> [EXERCISE DIRECTIONS] What you output must match, exactly, the lines from the start of the records to the line containing "Grave of Bruce", both ends kept and pictures excluded.

---- THE DATA

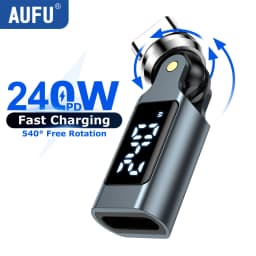 AUFU 240W 5A Type C Adapter USB C to Type-C Digital Display Female Convertor For iPhone 17 Samsung S26 540 Rotation OTG Adapter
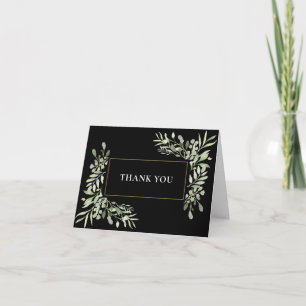 Guld Svart Grönska Blommor Bröllop Tack Kort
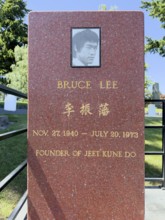 Grave of Bruce Lee, Lake View Cemetery, Seattle, Washington, USA, North America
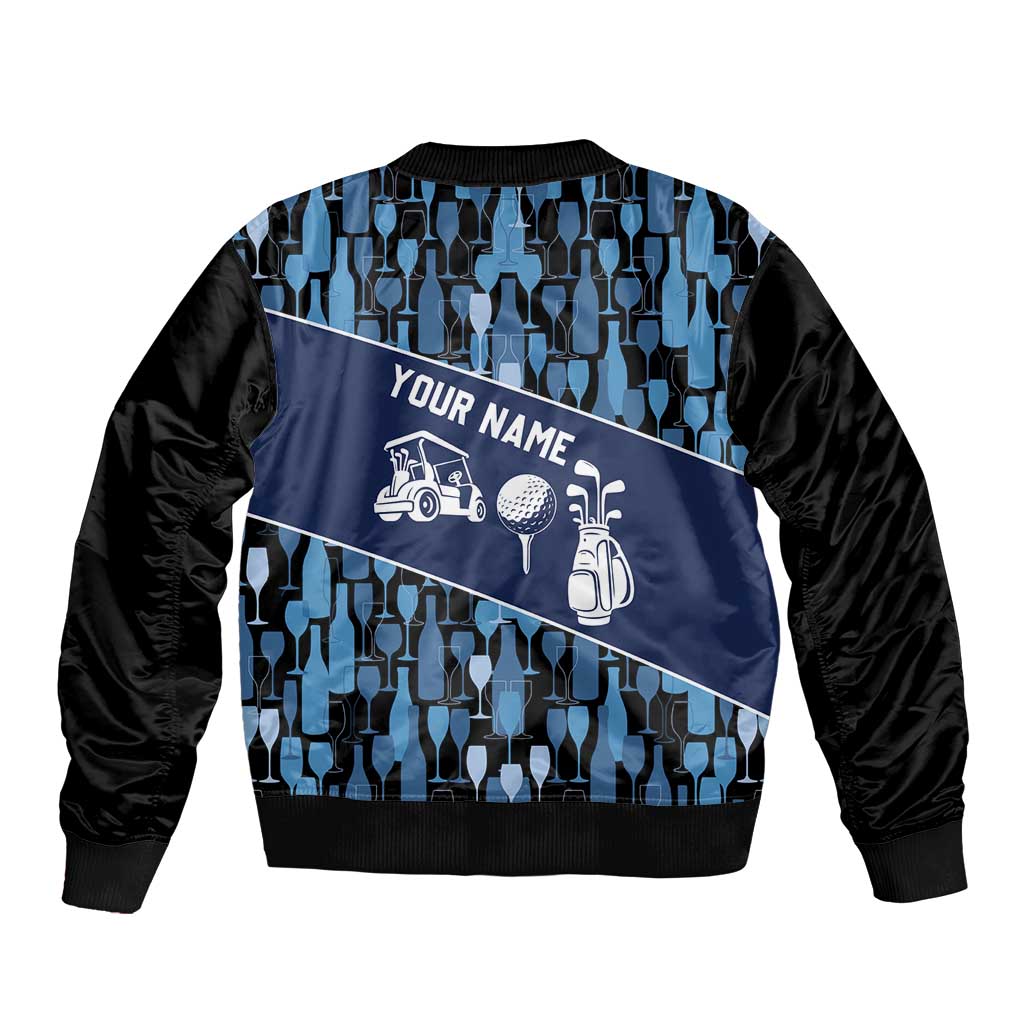 Custom Blue Wine Camo Pattern Golf Sleeve Zip Bomber Jacket with Blue Golf Club Pattern Cart and Ball Graphic - Wonder Print Shop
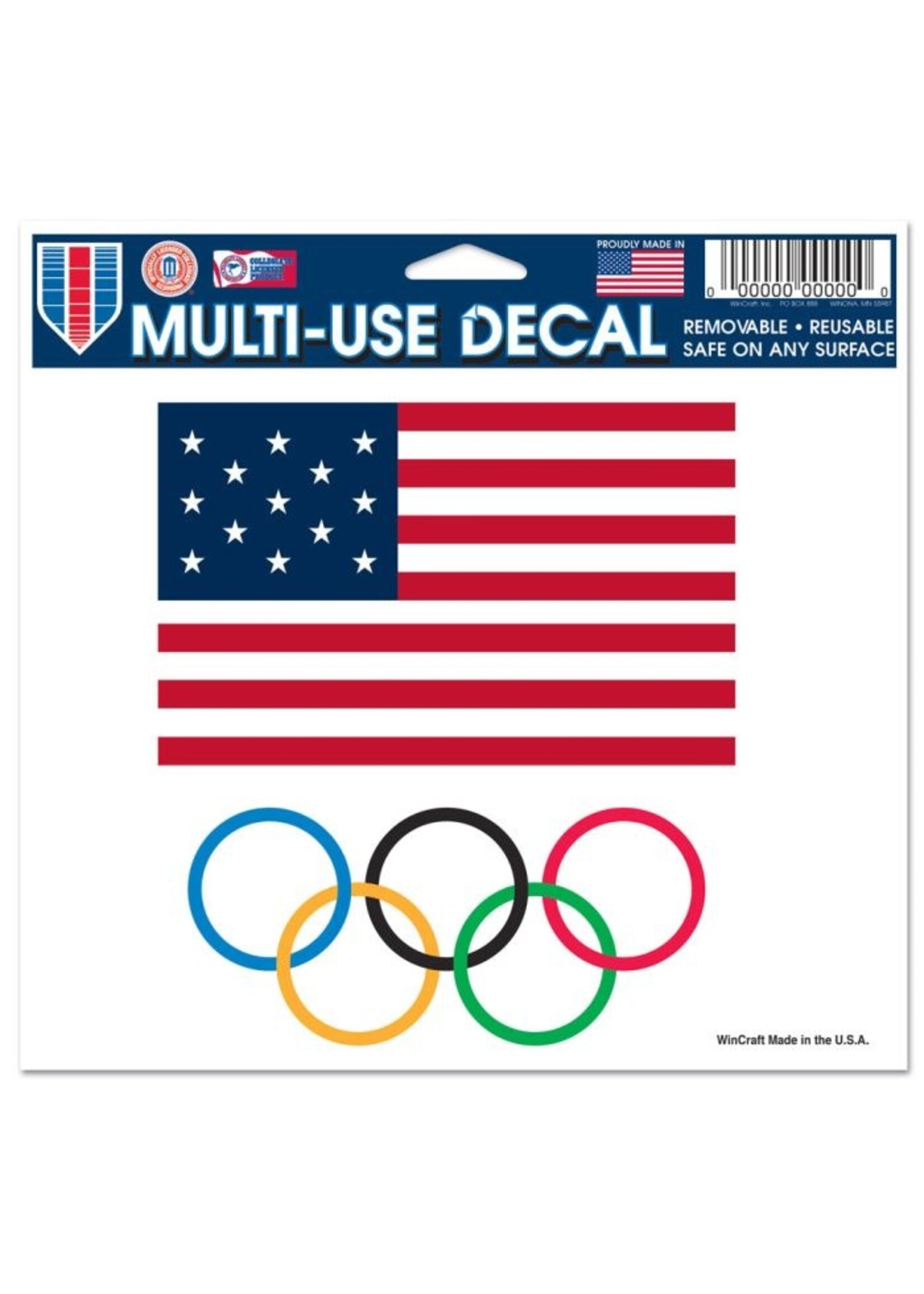 USOC Flag & Rings Multi-Use Sticker Decal 5" x 6"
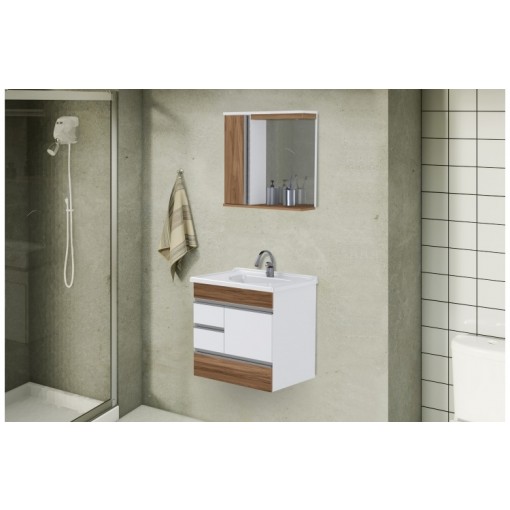 Gabinete c/ Cuba e Espelheira MDF 60cm Modena Nogal - AJRorato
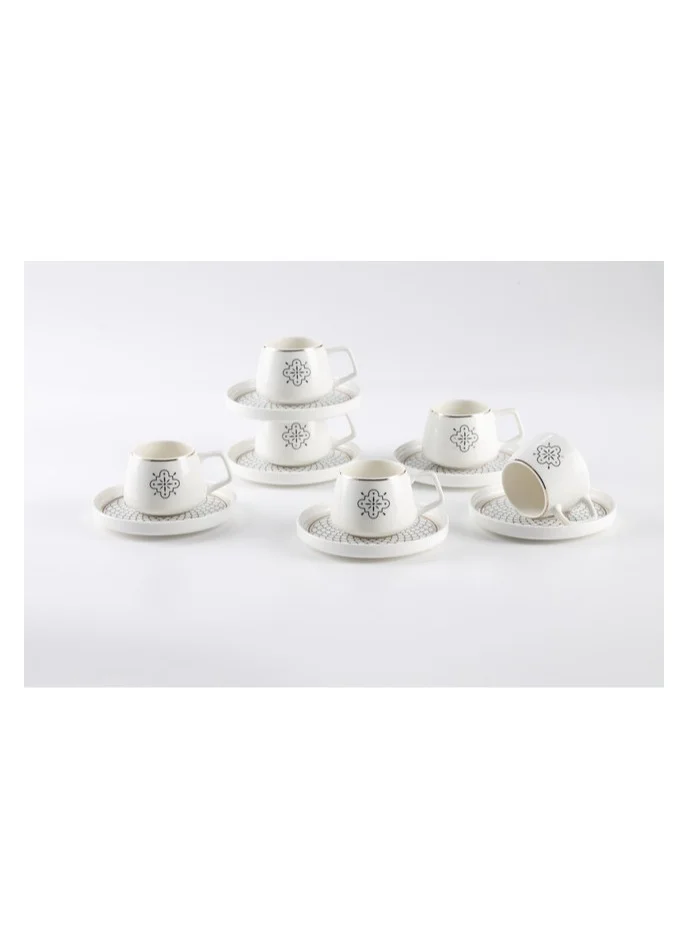 Shallow Shallow New Bone China Mona Coffee Cup & Saucer Set, 100ml (White, 6 Cups, 6 Saucer)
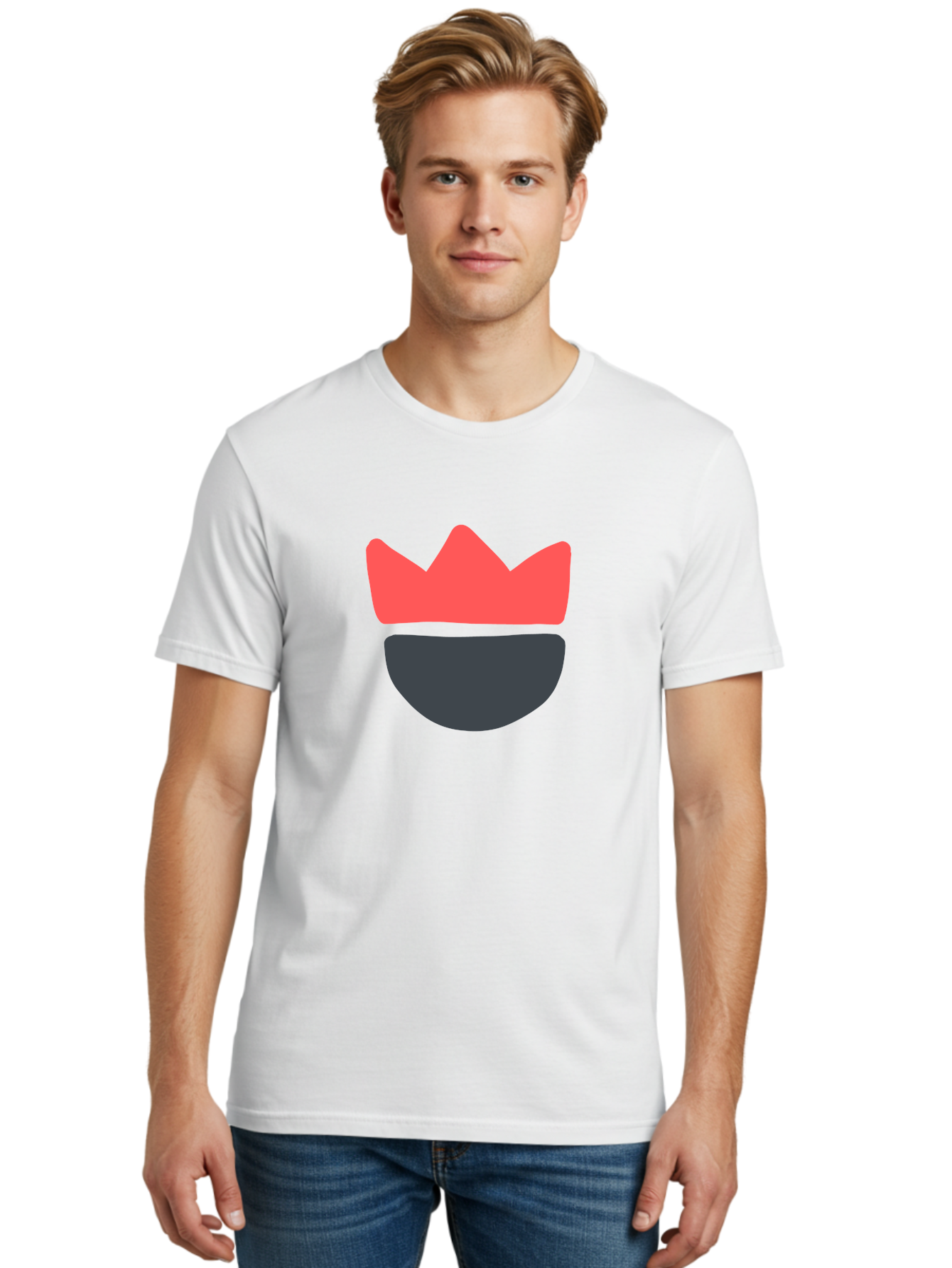 King-Face Men'S Graphic Tee, 100% Cotton, Comfortable Casual Summer Wear, Machine Washable, Crown, Bearded Man, Dark Blue Beard, Red Crown, Simple Illustration, Minimalist Art, Modern Design, King Icon, Facial Representation, Digital Graphics Aab759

--------

> [RESPONSE BOX]
 AUFU 240W 5A Type C Adapter USB C to Type-C Digital Display Female Convertor For iPhone 17 Samsung S26 540 Rotation OTG Adapter
 Guld Svart Grönska Blommor Bröllop Tack Kort
 Grave of Bruce Lee, Lake View Cemetery, Seattle, Washington, USA, North America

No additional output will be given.